Your goal >>
Copy every line from the data below in which the string "flooring" can be found.

** Excerpted records follows **

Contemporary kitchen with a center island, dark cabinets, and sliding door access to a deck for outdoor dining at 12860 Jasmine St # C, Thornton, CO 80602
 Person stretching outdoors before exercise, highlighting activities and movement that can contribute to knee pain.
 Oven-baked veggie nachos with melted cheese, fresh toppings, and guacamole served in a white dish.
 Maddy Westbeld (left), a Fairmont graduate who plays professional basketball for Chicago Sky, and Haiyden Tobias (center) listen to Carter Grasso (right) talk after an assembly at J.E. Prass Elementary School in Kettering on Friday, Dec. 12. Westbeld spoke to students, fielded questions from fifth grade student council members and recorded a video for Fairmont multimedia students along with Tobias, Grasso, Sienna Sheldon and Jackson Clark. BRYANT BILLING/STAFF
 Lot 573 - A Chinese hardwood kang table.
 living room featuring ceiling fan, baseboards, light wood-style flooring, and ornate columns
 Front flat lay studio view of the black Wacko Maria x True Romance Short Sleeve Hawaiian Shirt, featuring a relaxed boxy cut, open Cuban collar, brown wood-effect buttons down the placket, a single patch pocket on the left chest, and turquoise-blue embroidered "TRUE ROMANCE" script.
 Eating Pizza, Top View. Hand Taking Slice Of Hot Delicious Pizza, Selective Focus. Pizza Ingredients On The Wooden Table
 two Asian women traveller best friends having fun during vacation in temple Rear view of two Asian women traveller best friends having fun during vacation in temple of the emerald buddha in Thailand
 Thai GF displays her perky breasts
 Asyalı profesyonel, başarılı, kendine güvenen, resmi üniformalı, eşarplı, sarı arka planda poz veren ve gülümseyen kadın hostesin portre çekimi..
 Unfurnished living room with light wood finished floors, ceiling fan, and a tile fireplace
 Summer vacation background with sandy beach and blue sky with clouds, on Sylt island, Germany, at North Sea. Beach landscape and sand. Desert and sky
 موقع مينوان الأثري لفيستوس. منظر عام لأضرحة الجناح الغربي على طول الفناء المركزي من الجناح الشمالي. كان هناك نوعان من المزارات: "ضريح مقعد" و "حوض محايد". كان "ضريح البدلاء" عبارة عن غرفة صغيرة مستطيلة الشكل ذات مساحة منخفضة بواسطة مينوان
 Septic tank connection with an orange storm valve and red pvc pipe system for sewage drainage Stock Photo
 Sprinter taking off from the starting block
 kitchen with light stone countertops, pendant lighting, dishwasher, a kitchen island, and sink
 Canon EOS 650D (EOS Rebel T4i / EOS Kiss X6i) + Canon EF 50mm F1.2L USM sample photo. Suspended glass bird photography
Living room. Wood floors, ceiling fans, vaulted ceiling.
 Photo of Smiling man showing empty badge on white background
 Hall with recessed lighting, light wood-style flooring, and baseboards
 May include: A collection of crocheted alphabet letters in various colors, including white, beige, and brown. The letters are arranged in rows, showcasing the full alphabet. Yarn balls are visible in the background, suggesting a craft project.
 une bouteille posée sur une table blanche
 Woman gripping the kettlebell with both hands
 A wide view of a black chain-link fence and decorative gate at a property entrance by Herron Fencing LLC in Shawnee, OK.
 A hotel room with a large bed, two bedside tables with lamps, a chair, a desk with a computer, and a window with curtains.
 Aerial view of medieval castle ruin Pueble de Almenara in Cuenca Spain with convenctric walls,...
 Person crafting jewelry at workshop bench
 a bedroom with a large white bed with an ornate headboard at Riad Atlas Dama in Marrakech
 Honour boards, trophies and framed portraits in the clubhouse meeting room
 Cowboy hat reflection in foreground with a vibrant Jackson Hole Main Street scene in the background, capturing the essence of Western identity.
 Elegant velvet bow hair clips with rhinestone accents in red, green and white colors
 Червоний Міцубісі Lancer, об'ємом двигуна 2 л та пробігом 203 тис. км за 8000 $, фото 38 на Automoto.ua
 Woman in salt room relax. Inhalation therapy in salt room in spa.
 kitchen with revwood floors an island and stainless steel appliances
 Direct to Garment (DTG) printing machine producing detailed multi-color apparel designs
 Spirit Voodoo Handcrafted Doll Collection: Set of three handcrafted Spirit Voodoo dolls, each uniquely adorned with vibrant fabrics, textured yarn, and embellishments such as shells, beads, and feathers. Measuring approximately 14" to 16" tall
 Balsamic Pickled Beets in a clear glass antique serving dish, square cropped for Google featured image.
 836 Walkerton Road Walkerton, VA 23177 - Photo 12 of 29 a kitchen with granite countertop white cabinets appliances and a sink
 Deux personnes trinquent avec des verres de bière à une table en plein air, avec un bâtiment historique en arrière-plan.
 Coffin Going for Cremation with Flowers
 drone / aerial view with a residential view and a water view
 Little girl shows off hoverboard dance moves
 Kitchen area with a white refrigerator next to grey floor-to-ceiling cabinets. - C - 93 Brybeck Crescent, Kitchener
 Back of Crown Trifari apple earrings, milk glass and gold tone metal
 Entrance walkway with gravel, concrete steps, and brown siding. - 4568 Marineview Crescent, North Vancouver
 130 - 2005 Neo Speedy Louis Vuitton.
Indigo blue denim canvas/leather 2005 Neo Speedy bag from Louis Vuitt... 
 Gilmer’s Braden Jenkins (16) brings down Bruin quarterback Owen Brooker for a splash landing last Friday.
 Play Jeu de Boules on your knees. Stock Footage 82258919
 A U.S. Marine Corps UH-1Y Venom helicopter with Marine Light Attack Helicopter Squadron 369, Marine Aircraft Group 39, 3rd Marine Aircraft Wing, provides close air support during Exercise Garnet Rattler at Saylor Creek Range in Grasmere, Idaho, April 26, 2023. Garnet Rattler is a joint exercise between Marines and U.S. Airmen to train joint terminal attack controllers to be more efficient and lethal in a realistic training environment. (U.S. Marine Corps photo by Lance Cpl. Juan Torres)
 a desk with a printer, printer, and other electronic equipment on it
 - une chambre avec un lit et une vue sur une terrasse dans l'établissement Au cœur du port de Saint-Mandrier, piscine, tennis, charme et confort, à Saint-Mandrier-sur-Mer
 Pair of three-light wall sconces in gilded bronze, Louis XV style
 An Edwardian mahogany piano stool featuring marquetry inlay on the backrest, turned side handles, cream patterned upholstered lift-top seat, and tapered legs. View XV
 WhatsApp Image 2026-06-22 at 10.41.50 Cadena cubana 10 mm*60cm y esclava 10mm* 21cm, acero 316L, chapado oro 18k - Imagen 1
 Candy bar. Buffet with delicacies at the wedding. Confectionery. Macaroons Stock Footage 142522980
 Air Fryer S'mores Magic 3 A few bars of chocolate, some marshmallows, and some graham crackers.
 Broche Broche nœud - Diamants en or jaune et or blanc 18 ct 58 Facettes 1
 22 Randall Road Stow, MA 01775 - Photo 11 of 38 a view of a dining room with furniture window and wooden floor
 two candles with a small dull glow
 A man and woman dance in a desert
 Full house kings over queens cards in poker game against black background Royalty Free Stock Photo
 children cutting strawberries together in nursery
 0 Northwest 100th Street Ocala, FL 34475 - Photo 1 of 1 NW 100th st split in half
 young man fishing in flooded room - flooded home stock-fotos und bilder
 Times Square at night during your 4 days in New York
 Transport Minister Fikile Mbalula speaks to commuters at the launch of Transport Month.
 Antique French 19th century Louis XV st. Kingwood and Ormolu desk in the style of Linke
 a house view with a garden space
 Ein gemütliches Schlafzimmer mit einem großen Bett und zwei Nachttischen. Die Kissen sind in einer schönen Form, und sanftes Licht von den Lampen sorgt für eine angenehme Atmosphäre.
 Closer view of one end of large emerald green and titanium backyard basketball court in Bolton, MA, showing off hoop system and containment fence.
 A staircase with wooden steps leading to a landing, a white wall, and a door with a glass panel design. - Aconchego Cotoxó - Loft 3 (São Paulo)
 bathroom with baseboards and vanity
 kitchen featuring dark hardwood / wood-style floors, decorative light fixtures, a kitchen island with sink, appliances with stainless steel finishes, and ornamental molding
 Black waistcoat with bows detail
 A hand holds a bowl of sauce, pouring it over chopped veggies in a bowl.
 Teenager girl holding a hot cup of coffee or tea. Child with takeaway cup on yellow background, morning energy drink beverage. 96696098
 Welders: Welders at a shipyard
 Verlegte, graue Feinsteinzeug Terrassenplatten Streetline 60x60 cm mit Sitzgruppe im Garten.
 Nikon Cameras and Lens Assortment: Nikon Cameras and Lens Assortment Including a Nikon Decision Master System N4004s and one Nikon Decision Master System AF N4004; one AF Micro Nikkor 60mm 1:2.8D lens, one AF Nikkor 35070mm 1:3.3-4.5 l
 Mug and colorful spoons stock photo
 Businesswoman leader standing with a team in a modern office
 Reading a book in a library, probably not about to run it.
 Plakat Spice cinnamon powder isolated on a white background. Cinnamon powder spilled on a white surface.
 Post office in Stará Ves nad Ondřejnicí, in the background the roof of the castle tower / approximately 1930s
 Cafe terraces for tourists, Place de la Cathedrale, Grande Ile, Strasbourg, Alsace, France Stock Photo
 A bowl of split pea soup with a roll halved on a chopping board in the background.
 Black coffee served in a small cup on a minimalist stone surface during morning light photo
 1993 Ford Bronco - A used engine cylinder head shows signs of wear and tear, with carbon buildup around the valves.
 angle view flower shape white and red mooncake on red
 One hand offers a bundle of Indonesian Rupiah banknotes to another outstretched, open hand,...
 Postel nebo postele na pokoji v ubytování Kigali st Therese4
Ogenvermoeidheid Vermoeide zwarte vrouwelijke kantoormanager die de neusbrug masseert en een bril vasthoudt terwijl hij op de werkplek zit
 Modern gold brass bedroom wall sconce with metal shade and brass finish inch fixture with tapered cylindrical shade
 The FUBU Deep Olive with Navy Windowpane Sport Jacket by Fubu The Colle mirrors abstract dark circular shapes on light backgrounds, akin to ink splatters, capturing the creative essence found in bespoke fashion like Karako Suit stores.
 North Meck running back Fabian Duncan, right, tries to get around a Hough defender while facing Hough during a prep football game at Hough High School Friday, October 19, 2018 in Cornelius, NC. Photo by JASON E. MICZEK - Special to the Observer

** End of Excerpted records **

Answer to this task >>
 living room featuring ceiling fan, baseboards, light wood-style flooring, and ornate columns
 Hall with recessed lighting, light wood-style flooring, and baseboards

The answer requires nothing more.